Ramstad is a district in central Bærum, Norway. It is known mainly for its school and a former station on the Drammen Line.

==History, geography and transportation==
The name Ramstad is based on the men's given name Ravn, meaning raven. It is taken from the local farm, which dates from the Scandinavian Iron Age. As most farms in the region it belonged to the Church of Norway, but the crown usurped the property following the Protestant Reformation. The first private owner was Knud Frantzen in 1668, who at that time owned Nesøygodset. Various owners followed, and in 1772 the farm was parted in two; Upper and Lower Ramstad. The parts were reunited in 1903.

Around the same time, the district was being built up with residences. The owner of Ramstad from 1895, Hans Kristoffer Ramstad, started this process by selling lots between the Drammen Line railway (opened 1872) and the road Drammensveien (now: the European route E18). The road was built in 1859, and cut across the large field named Ramstadsletta, located south of the farm. Today, Ramstadsletta is an area of commerce, and has a large market garden, a gas station and a Scandic Hotel, among other things.

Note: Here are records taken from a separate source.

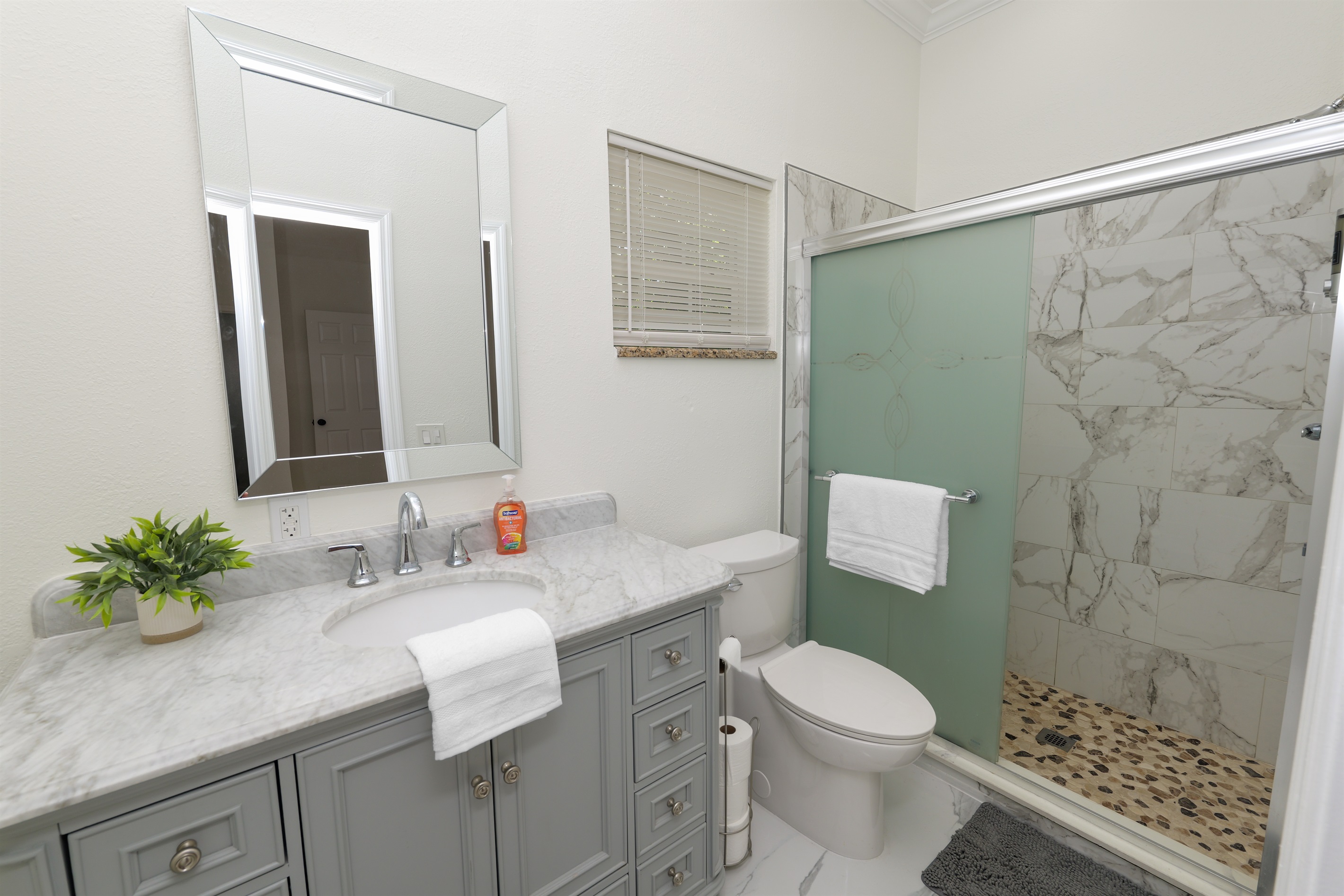 Modern elegance meets function in this beautifully updated bathroom, featuring a sleek marble vanity, stylish gray cabinetry, and a spa-inspired walk-in shower with frosted glass and pebble stone flooring.
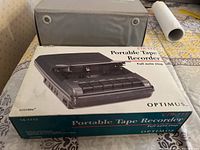 Front view of the Optimus portable tape recorder in original box with protective case behind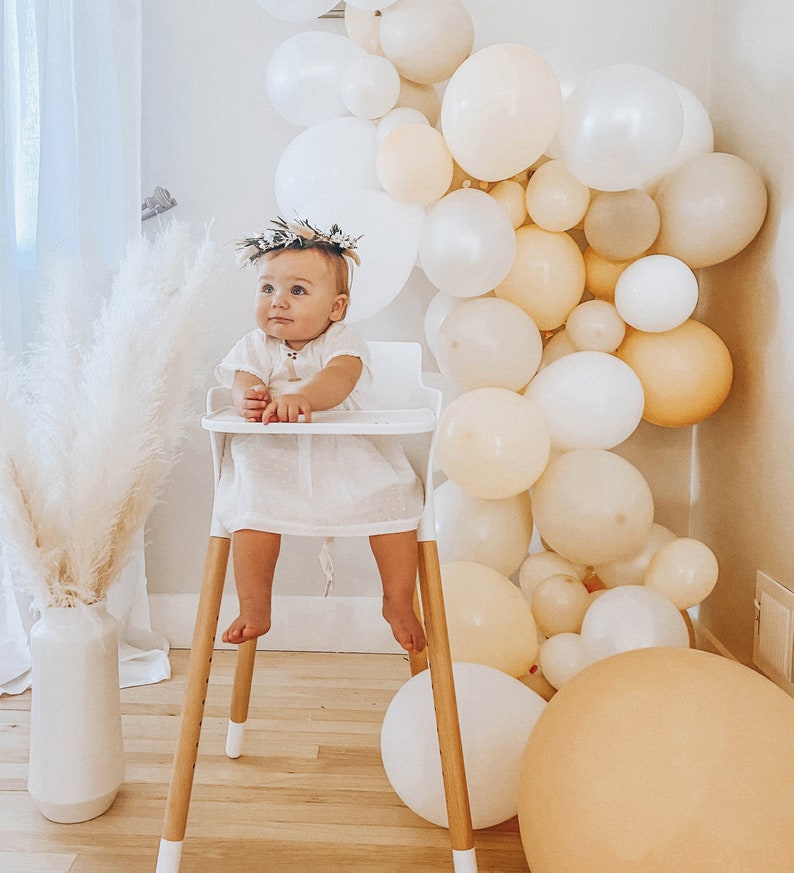 May include: A baby girl wearing a white dress and a floral crown sits in a white high chair. The chair has wooden legs and a white tray. The baby is surrounded by a garland of cream and beige balloons.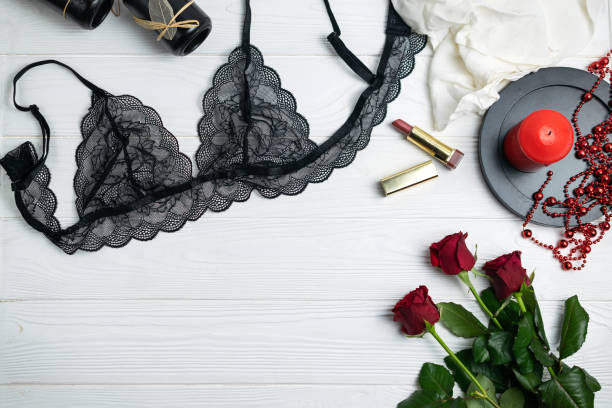istock Black lace elegant lingerie composition with red roses and candle 1164649361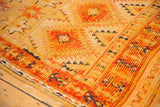 Vintage Moroccan Murat rug detail: saffron yellow, tangerine geometric patterns with visible pile wear.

Buses traffic the European route E18. The district was also served by the railway station Ramstad on the Drammen Line, which existed between 1931 and 1978 (with no passenger traffic from 1973).

The hill Ramstadåsen north of the farm was built up around 1900 as well. The former cotter's farms are Kokkerud and Nygård, north of the farm, were absorbed in this development. The district south of Ramstadsletta, near the Oslofjord, was sold in 1877 and built up with villas after 1890 under the name Solvik. Now, only the immediate surroundings of the farm Ramstad has been spared from residential and other building.

Reportedly, Josef Terboven tried to confiscate a residence in Solvik in 1940, but gave up since the owner was German-born, and took residence at Skaugum instead.

Before the major residential development, a creek ran southwards through the district. The creek was a part of the Bekkestua Watershed, which originated north of Ringstabekk and ran southwest via Bekkestua (giving this settlement its name), Gjønnesmyra and Ballerud. Parts of the former waterway around Bekkestua were used for Kolsås Line tracks. Near Nybråtan the creek turned more straight southwards. This section of the creek was named Ramstadbekken. At Ramstadsletta there was a confluence with a small creek that ran northwards. From Ramstadsletta it followed a path west and slightly south. A part of this path is identical to the current European route E18, but after passing what is today the market garden it turned more distinctly southwest before reaching its mouth in the Oslofjord at Solvik. Today, the entire Bekkestua Watershed has been led underground through a pipe system.

==Education and sports==
Ramstad is known to many due to its lower secondary school of the same name. It was erected between 1962 and August 1963, on the property Nybråtan south of Ramstadåsen. Before the school building was finished, pupils were tutored at the schools Gjettum and Blommenholm. Between 1964 and 1972 it was a combined lower and upper secondary school. By 2005 it had 520 pupils and a staff of 65. The school is noted for having an adjacent swimming pool, very uncommon in schools in the region. Ramstad Lower Secondary School serves the districts of Ramstad, Solvik, Høvik, Høvik Verk, Blommenholm, Løkeberg, parts of Haslum, Ekeberg, Gjønnes and Ballerud.

The only local sports club is the gymnastics club Ramstad Turn, founded in 1965. Non-gymnasts tend to practice sports in the multi-sport clubs Høvik IF or Haslum IL.